On July 13, 2020, Intercept Pharmaceuticals, Inc. (the “Company”) received a paragraph IV certification notice (the “PIV Notice”) from Apotex Inc. (“Apotex”) indicating that Apotex has submitted to the U.S. Food and Drug Administration an Abbreviated New Drug Application (“ANDA”) seeking approval to manufacture and sell a generic version of the Company’s 5 mg and 10 mg dosage strengths of Ocaliva® (obeticholic acid) for primary biliary cholangitis prior to the expiration of the Company’s U.S. Patents Nos. 9,238,673, 10,047,117, 10,052,337, and 10,174,073 (collectively, the “Challenged Patents”), which are listed for Ocaliva in the FDA’s Approved Drug Products with Therapeutic Equivalence Evaluations (referred to as the “Orange Book”). The PIV Notice alleges that the Challenged Patents, which expire between June 2033 and April 2036, are invalid, unenforceable, and/or will not be infringed by the commercial manufacture, use or sale of the generic products described in Apotex’s ANDA. Apotex did not make a paragraph IV certification against the Company’s U.S. Patents Nos. 7,138,390, 8,058,267 or 8,377,916, which are also listed for Ocaliva in the Orange Book. The Company may receive additional paragraph IV certification notices in the future from ANDA filers seeking approval of a generic version of Ocaliva.

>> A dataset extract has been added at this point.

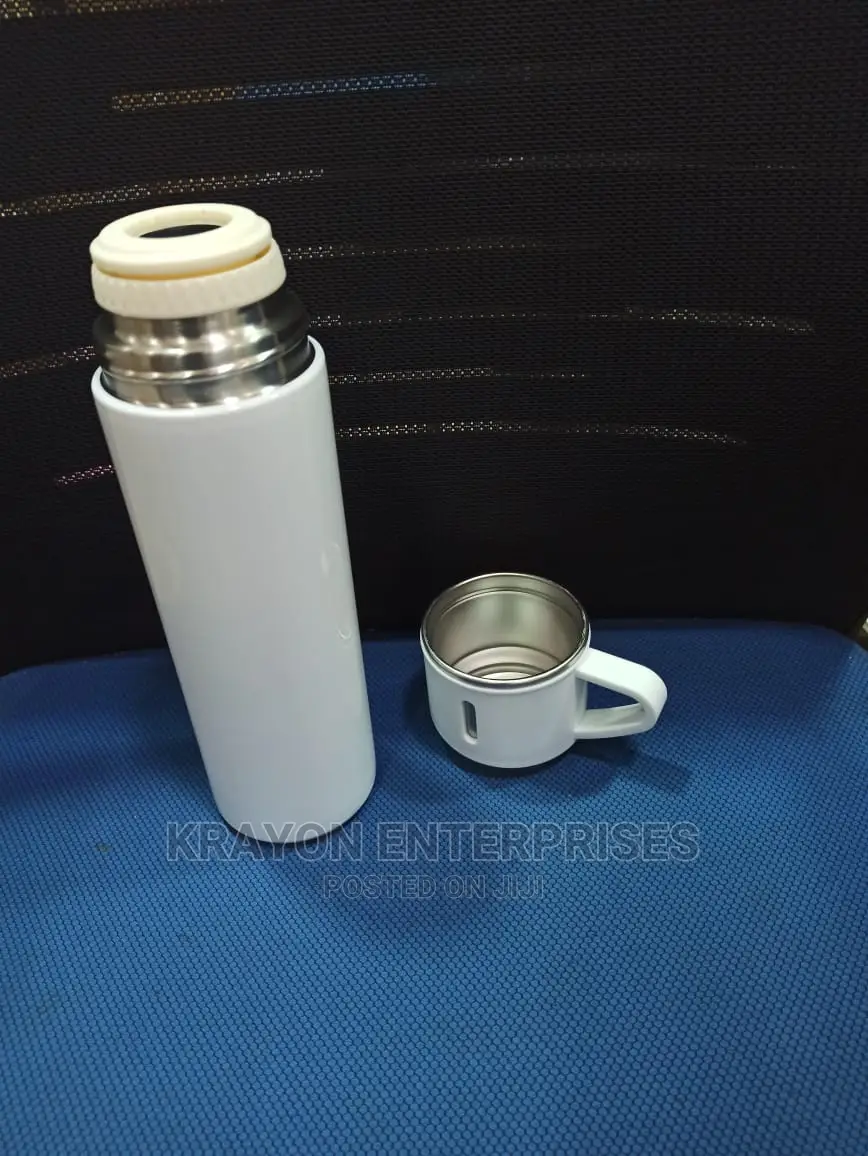 Thermal Sublimation Bottle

The Company is currently reviewing the PIV Notice from Apotex and intends to vigorously defend and enforce its intellectual property rights protecting Ocaliva.

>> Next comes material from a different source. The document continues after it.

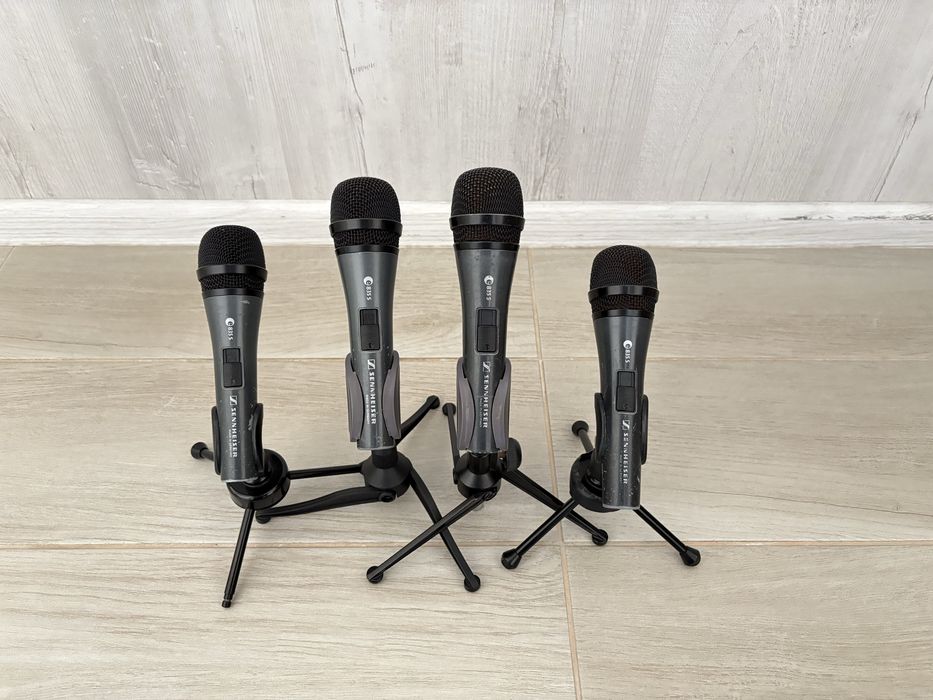 Микрофон Sennheiser E 835-S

This Current Report on Form 8-K contains forward-looking statements, including, but not limited to, statements regarding the Company’s intention to defend and enforce its intellectual property rights as well as Intercept’s understanding of the content of the paragraph IV certification notice. These statements constitute forward-looking statements within the meaning of Section 27A of the Securities Act of 1933, as amended, and Section 21E of the Securities Exchange Act of 1934, as amended. The words “anticipate,” “believe,” “estimate,” “expect,” “intend,” “may,” “plan,” “predict,” “project,” “target,” “potential,” “will,” “would,” “could,” “should,” “continue,” and similar expressions are intended to identify forward-looking statements, although not all forward-looking statements contain these identifying words. Readers are cautioned not to place undue reliance on these forward-looking statements, which speak only as of the date of this Current Report on Form 8-K, and the Company undertakes no obligation to update any forward-looking statement except as required by law. These forward-looking statements are based on estimates and assumptions by the Company’s management that, although believed to be reasonable, are inherently uncertain and subject to a number of risks. Actual results may differ materially from historical results or those anticipated or predicted by the Company’s forward-looking statements as a result of various important factors, including, but not limited to, the impact of general economic, industry, market or political conditions and the other risks and uncertainties identified in the Company’s periodic filings, including the Company’s Annual Report on Form 10-K for the year ended December 31, 2019 and Quarterly Report on Form 10-Q for the month ended March 31, 2020.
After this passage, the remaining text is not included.